Nonostante il pesante ridimensionamento degli ultimi anni, l’occupazione industriale resta sui livelli più alti a Prato e Arezzo, seguiti a distanza da Lucca (25%). Le altre province interne di Firenze e, soprattutto, Siena sono ampiamente terziarizzate, a fronte di una posizione intermedia di Pistoia. Quote consistenti di occupazione nei servizi si riscontrano anche nelle province di Massa Carrara e Livorno. Bassa presenza di industria, media incidenza del turismo e una rilevante presenza dell’agricoltura, sono i riferimenti settoriali dell’occupazione a Grosseto, maggiormente resistente alla crisi economica. Segnali meno positivi per la provincia di Siena che sembra uscire indebolita nella importante e storica componente terziaria dell’occupazione.

E domani? Le stime Irpet prevedono un tasso di disoccupazione per fine anno intorno al 7%. Nel 2011  dovrebbe scendere al 6,6%, quindi ancora su livelli superiori precedente alla crisi.

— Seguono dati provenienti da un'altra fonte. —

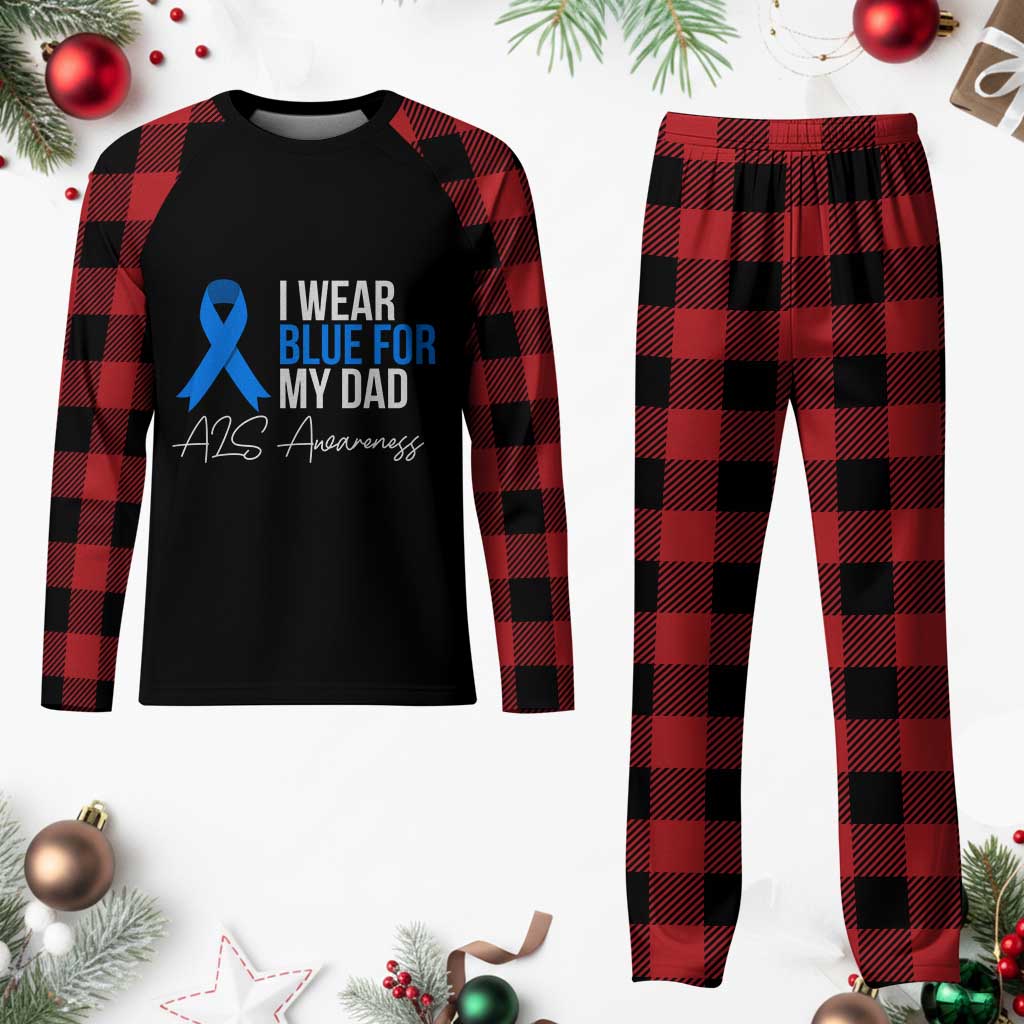 I Wear Blue For My Dad ALS Awareness Plaid Pajama Set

Più in generale, gli effetti della caduta del prodotto sul mercato del lavoro sarebbero stati più intensi se non si fossero verificati alcuni fattori tra i quali l’ampio ricorso alla cassa integrazione, una caduta della produttività e delle ore lavorate pro capite. Tre elementi che hanno salvato  molti posti di lavoro, riducendo i margini di profitto delle imprese. Ne deriva il rischio che l’aggiustamento del mercato del lavoro non sia terminato, sebbene alcuni segnali potrebbero indurre a pensare che il peggio sia passato.

Manifatturiero, rallenta la crescitaRallenta la crescita del comparto manifatturiero regionale nel terzo trimestre 2010, secondo l’indagine condotta da Unioncamere Toscana e Confindustria Toscana.

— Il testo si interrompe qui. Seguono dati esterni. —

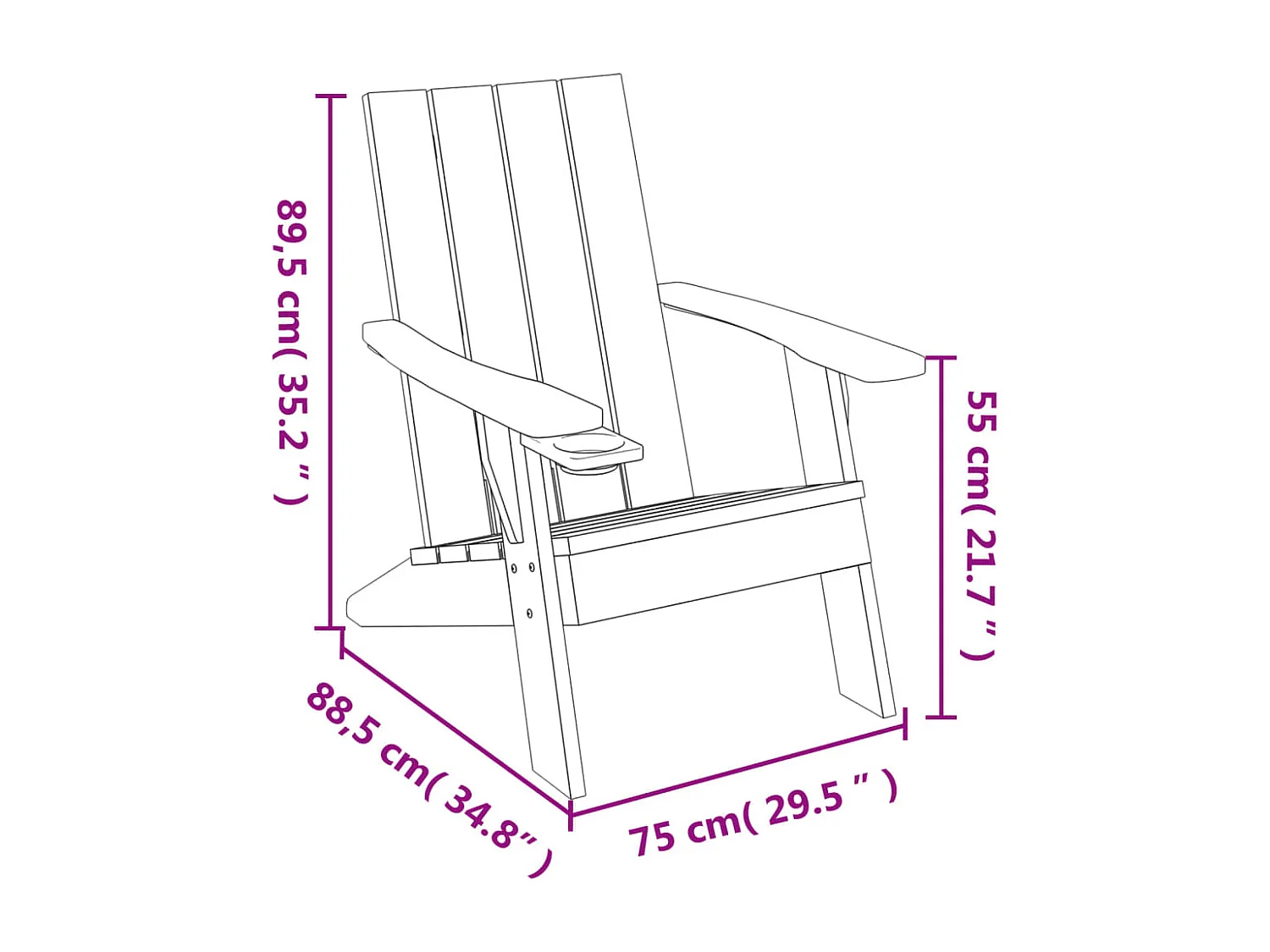 Chaise de jardin Adirondack marron clair 75x88,5x89,5 cm PP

Dopo essere tornato in terreno positivo all’inizio del 2010, l’indicatore tendenziale della produzione si è infatti fermato a +3,5% nel periodo luglio-settembre, al di sotto del dato nazionale (+5,8%) e dei risultati regionali registrati nei primi sei mesi dell’anno. In linea con la produzione, anche il fatturato è cresciuto del +4,6% rispetto al corrispondente periodo del 2009, riducendo tuttavia – anche in questo caso – l’intensità della crescita dopo il +6,7% registrato nel secondo trimestre. Decisivo sembra essere stato – ancora una volta – il calo della domanda internazionale: gli ordinativi dei mercati esteri sono cresciuti del +3,8%, con una flessione del proprio tasso di crescita rispetto al +5,4% dei primi sei mesi dell’anno. Ancora molto fiacca  la domanda interna. Le grandi unità produttive (oltre 250 addetti) hanno registrato lo slancio maggiore.

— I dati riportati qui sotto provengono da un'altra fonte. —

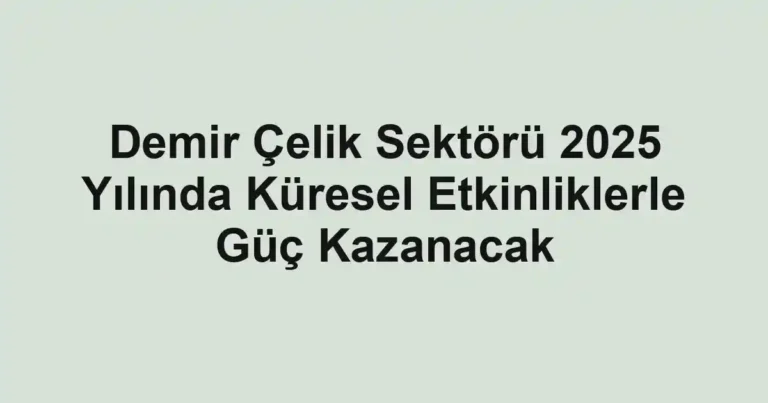 Demir Çelik Sektörü 2025 Yılında Küresel Etkinliklerle Güç Kazanacak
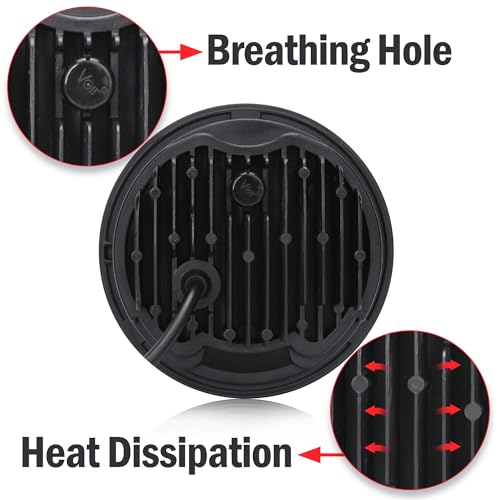 SUP-LIGHT 5 3/4" 5.75 Inch Motorcycle LED Headlight Compatible with Dyna Sportster Iron 883 Street BOB Low Rider Super Wide Headlamps with Round Projector Driving Light -Black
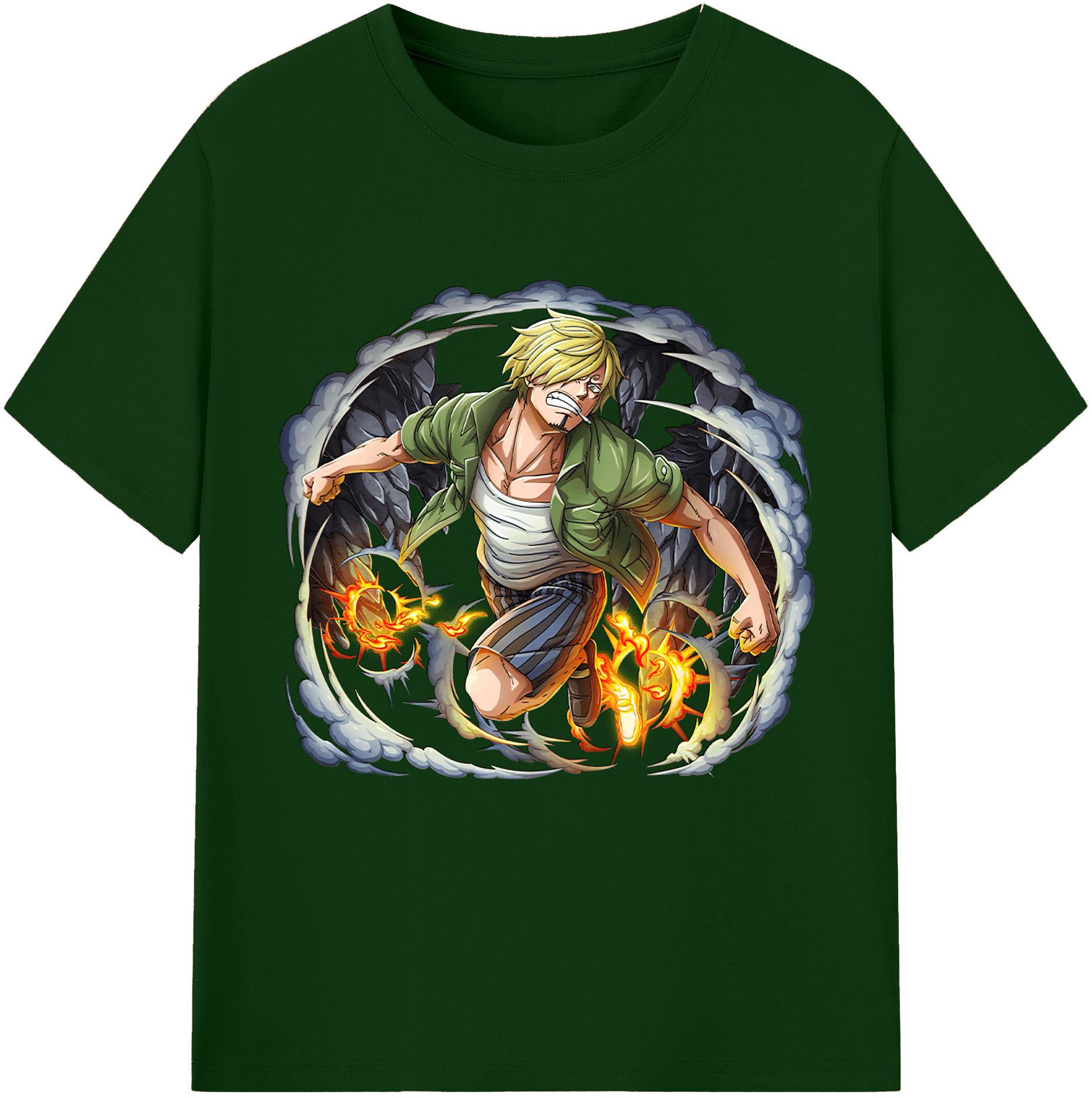 ワンピース サンジ ONE PIECE Sanji 綿100％半袖Tシャツ（フロントプリント）
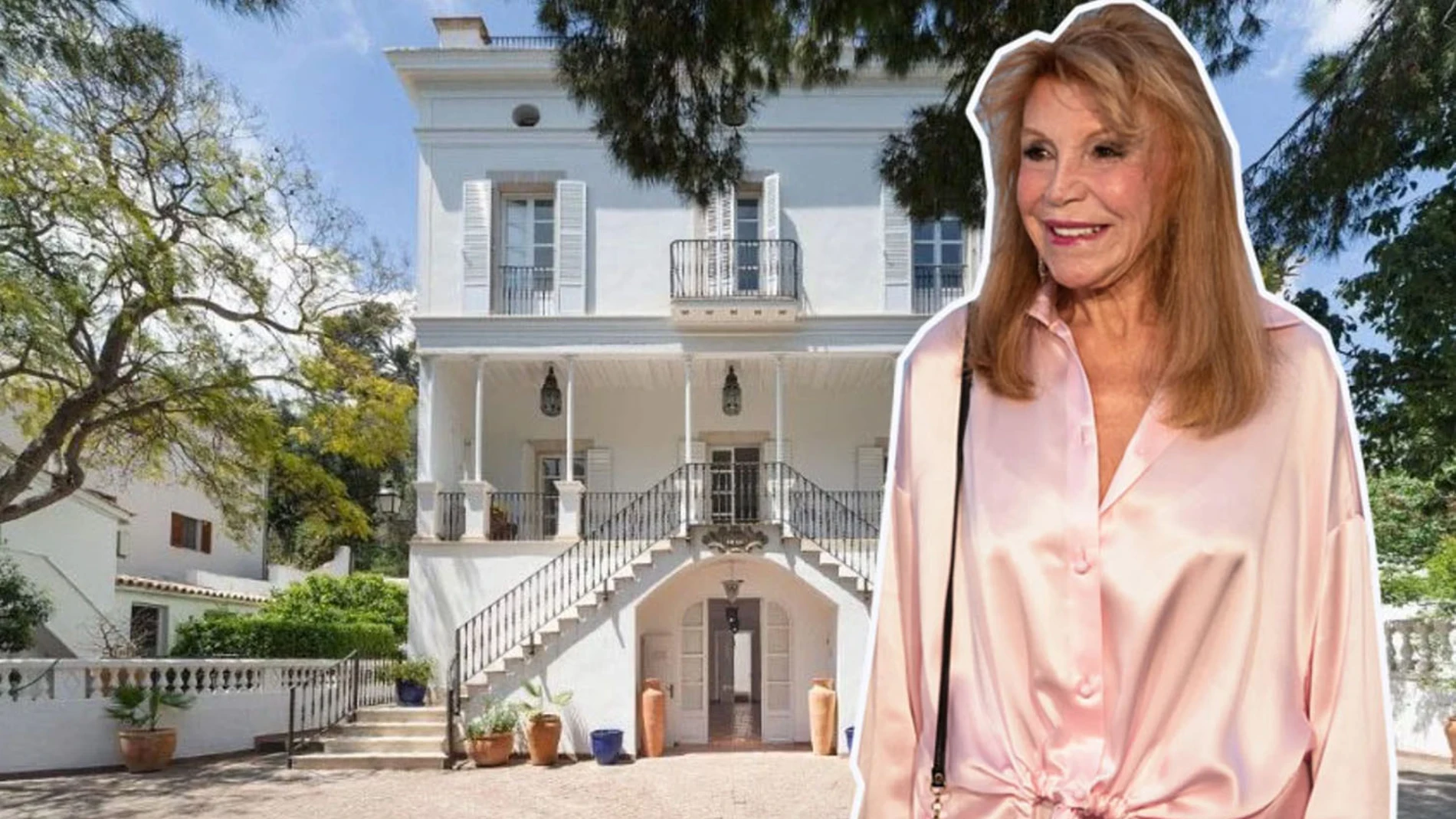 La baronesa Thyssen junto a su casa de Mallorca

La maggior vivacità della componente interna di alcune grandi imprese, assicura una ripresa degli ordinativi. Positivi i risultati anche per le medie imprese (50-249 addetti), che rispetto al 2009 salgono del 7,9% in termini produttivi e del 10,0% in termini di fatturato.

Buoni anche i dati relativi agli ordinativi, con la componente estera che conferma la spinta alla ripresa. Difficoltà ancora per le piccole imprese (10-49 addetti) che stentano ad agganciarsi alla ripresa.

Gli ordinativi interni flettono addirittura del 2,2% mentre quelli esteri segnano un modesto 1,4%. Il rallentamento del ritmo di crescita porta a tre i settori manifatturieri che registrano andamenti produttivi negativi. Si tratta del comparto alimentare, della farmaceutica,  dell’abbigliamento che, contrariamente alle altre specializzazioni del sistema moda, flette del 3,0%. Sono in ulteriore ripresa il tessile,  pelli e cuoio, mentre più contenuta è la crescita delle calzature.

Fra gli altri comparti, variazioni positive in crescita si registrano per l’elettronica, per le riparazioni e installazioni , mentre sempre positive, seppur in rallentamento rispetto ai trimestri precedenti, risultano la meccanica, la chimica e il legno e mobilio. Stazionari, infine, i minerali non metalliferi e i mezzi di trasporto.